F1 has shown exponential growth over the past few years since Liberty Media took over the reins from Bernie Ecclestone at the start of 2017, with teams now valued at around US$1bn and upwards.
Since Haas took to the grid as a privateer team in 2016, the American has ploughed in millions of dollars of his own money and has seen little return in terms of results, with the outfit again finishing bottom of last season's constructors' championships.
In the wake of sacking team principal Guenther Steiner this week, the suggestion has been made that Haas is now looking for an exit strategy, potentially selling his team to fellow American Michael Andretti, who has been trying to find a way into the sport for the past couple of years.

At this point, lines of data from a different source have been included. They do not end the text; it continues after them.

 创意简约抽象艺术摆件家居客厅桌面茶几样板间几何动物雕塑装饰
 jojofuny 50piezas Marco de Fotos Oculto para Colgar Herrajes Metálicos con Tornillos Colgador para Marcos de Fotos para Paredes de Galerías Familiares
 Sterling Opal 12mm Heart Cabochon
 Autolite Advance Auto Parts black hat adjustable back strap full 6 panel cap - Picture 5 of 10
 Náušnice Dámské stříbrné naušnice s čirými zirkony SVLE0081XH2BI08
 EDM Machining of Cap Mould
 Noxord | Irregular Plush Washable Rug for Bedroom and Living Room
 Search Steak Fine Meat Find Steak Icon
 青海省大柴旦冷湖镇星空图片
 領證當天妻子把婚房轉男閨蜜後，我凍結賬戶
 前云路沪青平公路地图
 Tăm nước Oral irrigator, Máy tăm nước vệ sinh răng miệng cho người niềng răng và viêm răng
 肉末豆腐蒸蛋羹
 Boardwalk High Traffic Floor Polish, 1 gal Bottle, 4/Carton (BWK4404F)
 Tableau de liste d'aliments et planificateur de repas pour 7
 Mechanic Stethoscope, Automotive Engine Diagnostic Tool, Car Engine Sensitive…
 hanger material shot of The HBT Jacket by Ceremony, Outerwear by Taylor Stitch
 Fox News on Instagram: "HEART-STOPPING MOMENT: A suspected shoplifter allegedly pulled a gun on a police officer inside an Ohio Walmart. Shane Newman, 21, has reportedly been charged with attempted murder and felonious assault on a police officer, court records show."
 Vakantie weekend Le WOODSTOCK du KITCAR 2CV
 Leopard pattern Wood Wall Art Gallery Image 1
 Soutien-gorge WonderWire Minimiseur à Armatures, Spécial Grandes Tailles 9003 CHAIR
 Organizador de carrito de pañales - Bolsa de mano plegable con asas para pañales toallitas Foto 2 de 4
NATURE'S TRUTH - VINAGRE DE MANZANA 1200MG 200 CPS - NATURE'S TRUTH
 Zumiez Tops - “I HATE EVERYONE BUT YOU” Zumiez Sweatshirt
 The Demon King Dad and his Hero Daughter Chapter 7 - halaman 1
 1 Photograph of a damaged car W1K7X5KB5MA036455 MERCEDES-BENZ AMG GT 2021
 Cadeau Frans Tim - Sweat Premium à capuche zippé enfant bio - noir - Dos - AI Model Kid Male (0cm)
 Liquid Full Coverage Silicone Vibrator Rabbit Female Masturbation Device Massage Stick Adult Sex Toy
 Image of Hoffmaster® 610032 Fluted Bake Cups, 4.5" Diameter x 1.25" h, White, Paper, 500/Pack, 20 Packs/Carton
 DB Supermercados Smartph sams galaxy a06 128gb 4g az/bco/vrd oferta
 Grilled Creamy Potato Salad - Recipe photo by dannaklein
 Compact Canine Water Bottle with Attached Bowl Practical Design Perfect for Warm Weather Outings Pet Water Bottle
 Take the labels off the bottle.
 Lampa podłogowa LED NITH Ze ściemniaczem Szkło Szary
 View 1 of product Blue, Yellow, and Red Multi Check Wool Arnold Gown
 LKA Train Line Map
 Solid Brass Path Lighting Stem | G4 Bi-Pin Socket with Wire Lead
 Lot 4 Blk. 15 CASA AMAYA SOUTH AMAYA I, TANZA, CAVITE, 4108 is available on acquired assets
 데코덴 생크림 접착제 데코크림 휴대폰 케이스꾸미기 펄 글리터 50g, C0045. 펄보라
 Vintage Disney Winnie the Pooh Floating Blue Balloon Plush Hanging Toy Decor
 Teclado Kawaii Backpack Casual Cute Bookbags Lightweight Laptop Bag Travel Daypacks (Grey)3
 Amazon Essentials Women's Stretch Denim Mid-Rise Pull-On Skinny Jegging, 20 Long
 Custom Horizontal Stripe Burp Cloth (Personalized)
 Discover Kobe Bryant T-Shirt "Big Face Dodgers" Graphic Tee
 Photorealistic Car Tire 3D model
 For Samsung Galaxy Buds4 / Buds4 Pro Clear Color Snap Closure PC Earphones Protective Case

Haas, though, is adamant he will not be selling.
“I didn't get into F1 to sell,” Haas confirmed to Formula1.com. “I did it because I wanted to race. Guenther had the same perspective.
“We're not here to cash out. We want to race and be competitive. If you look at any team, historically, they have had a lot of good years and a lot of bad years.
“Surviving is one of the characteristics of getting better. As long as you can survive, you always have another year to prove your worthiness.
“This is a big change. Losing Guenther is going to cause the team to have to focus on other aspects. We will hopefully come out better for it.”
Over the years, Haas has operated on limited resources, with the 71-year-old confirming that since the budget cap was introduced in 2021, his team has yet to hit the ceiling, although has come close.
In contrast, the bigger teams have had to considerably cut their cloth accordingly to ensure they remain under the limit, which at present stands at US$135 million.
Again outlining another likely reason as to why Steiner was fired, Haas said: “There is a perception we spend a lot less money. We're usually within $10m of the budget limit.
“I just think we don't do a very good job of spending that money. A lot of teams have had previous investments in their infrastructure, buildings, equipment, and personnel.
“Our model was to outsource a lot of that. We spend a lot of money. We haven't exceeded the cap but we're pretty darn close to it. I just don't think we're doing a very good job of spending it in the most effective way.”
Pointing to how he has run his Haas Automation tooling business for the last 40 years, he added: “That's one of the reasons we have survived because we are so conscious of how we spend money.
“Being efficient at what we do is going to make sure we survive in this series. We're one of the longest-surviving teams.
“Everyone else (other new teams) has had the tendency to spend all their money in the first few years and then they go out of business.
“We have survived for eight years, and we're not in a situation where we are going to go out of business. But I certainly want to be able to survive for the next 10 years.”